Day 0 is considered a settling period due to the very slow growth observed experimentally during it (Figure 4). Simulations are started at day 1, using the experimentally reported mean and SD for cell density at day 1 to inform the initial cell density in the model. All paired values for β and P which are found to match growth at day 3 are then evaluated by their ability to predict growth at day 5 as described in section ‘Parameterisation’.
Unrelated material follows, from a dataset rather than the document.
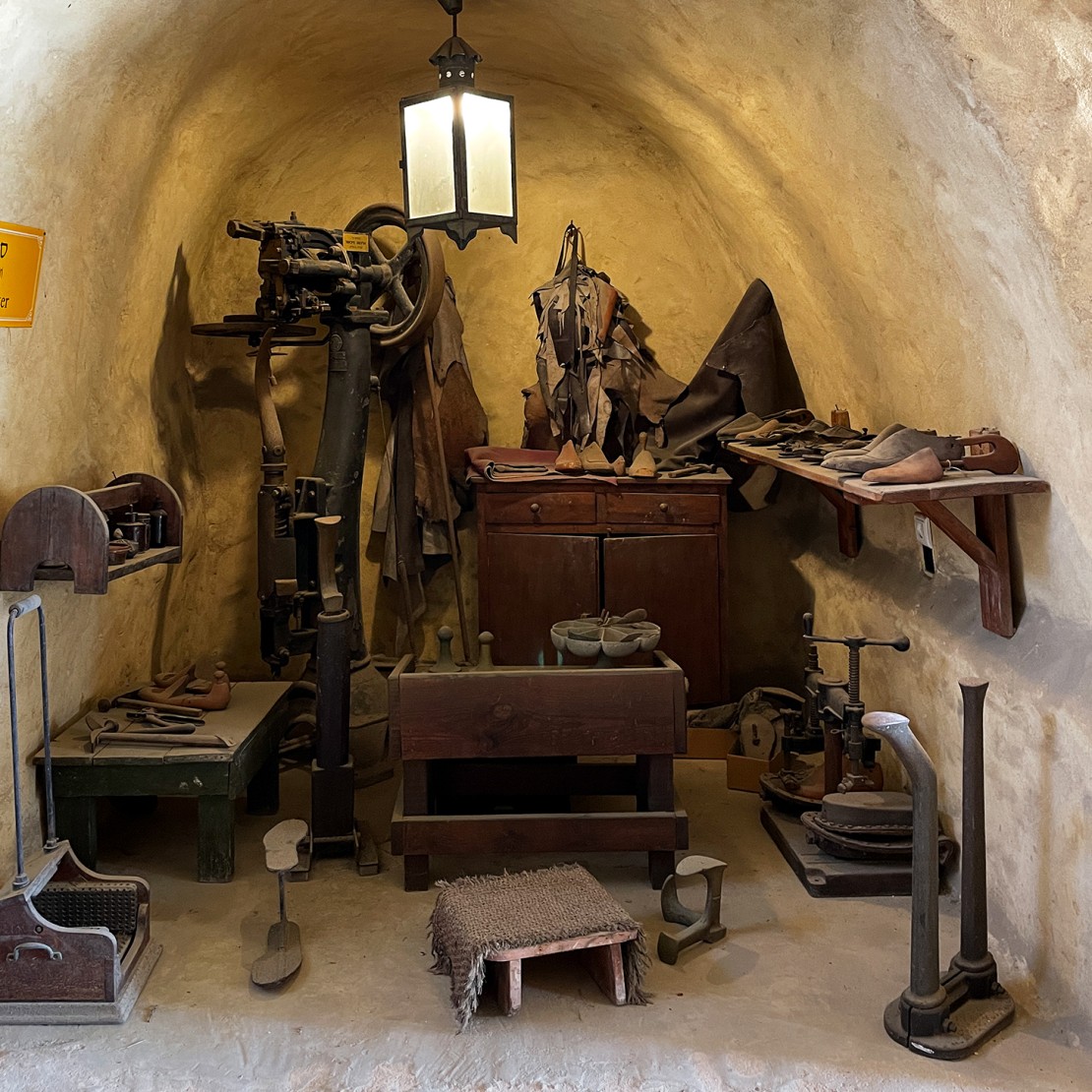 Сапожная мастерская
Hypothesis: floating of microcarriers and increase in surface area

It is observed that the growth between days 3 and 5 increases substantially for all but one of the microcarrier materials. In line with reports characterising these bioactive glass compositions,16 it is hypothesised that during microcarrier clustering, glass is dissolved and replaced by cells and cell-secreted ECM, resulting in increase in the buoyancy of the clusters and allowing them to float. This is observed experimentally as well, with some level of detachment of the microcarriers from the bottom detected. Since the carriers are 3D objects, this would free up more space for the cells to attach, effectively doubling the available area and increasing the rate of proliferation of the cells.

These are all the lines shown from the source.